L’«analphabétisme» de l’image, point faible de notre système éducatif

Questionner les représentations du réel est au fondement d’une citoyenneté éclairée. Pour ne pas être trompé par les images, il faut apprendre à les décoder, à les interpréter et à les critiquer dès le jeune âge. Aujourd’hui, la moitié des enfants de 7 ans visionne des vidéos sur les plateformes de médias sociaux (Youtube). Le plan d’études mentionne bien l’éducation aux images, mais cet enseignement n’est pas dispensé méthodiquement tout au long du cursus scolaire comme cela est prévu.

Fake news , propagande, guerre des images… Les crises qui se succèdent rappellent que la capacité à se procurer et évaluer les informations de toute nature est au fondement de l’exercice d’une citoyenneté éclairée et critique.

Moyen de s’informer, d’apprendre, de communiquer, aisée à réaliser, à reproduire, à diffuser, l’image numérique et la vidéo sont au coeur de notre vie quotidienne et façonnent notre perception du monde. Par son pouvoir évocateur sans pareil et sa capacité à susciter des émotions, l’image photographique permet d’imposer des représentations, des manières d’être et des comportements. Les publicitaires l’ont bien compris.

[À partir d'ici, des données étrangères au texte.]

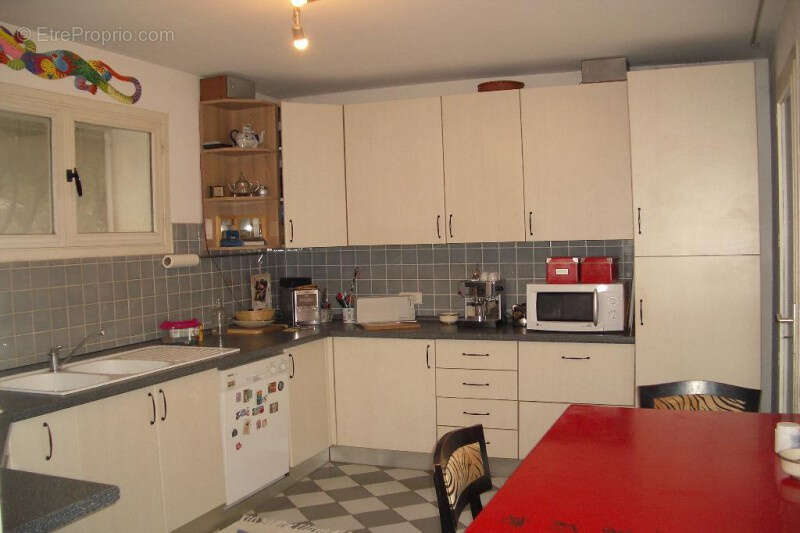 Maison moderne de 220 m2 au calme, piscine. - photo 12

Pour ne pas être leurré par les images, il faut apprendre à les décoder, à les interpréter et à les critiquer. «L’analphabète du futur ne sera pas l’illettré mais l’ignorant en matière de photographie» a formulé László Moholy-Nagy (artiste et théoricien) en 1927. Un siècle s’est écoulé. Qu’est-il advenu?

L’image principal support d’information et de communication des jeunes

Les usages des images par les enfants et les jeunes pour se divertir, s’informer et communiquer sont intenses. Les 6-7 ans sont déjà 45% à visionner des vidéos sur YouTube et 85% à regarder la télévision au moins une fois par semaine (MIKE 2019). Pour s’informer, les jeunes de 12 à 19 ans (JAMES 2020) sont 90% à utiliser les moteurs de recherche, 84% les réseaux sociaux (Instagram, Snapchat), 75% les portails vidéos (YouTube, Tiktok). Tandis que 20% utilisent les plateformes des chaînes télévisées, de journaux et de magazines pour s’informer. Dès l’âge de 12 ans plus des deux tiers utilisent des applications de partage de photos et de vidéos.

La nécessité de procurer à tous les enfants une éducation aux médias et aux images est patent dès l’école primaire. Non seulement pour les préparer à la société de demain, comme l’indique souvent les argumentaires des autorités, mais pour apprendre et leur permettre de faire le meilleur usage possible des appareils connectés, maintenant, dans leur vie quotidienne.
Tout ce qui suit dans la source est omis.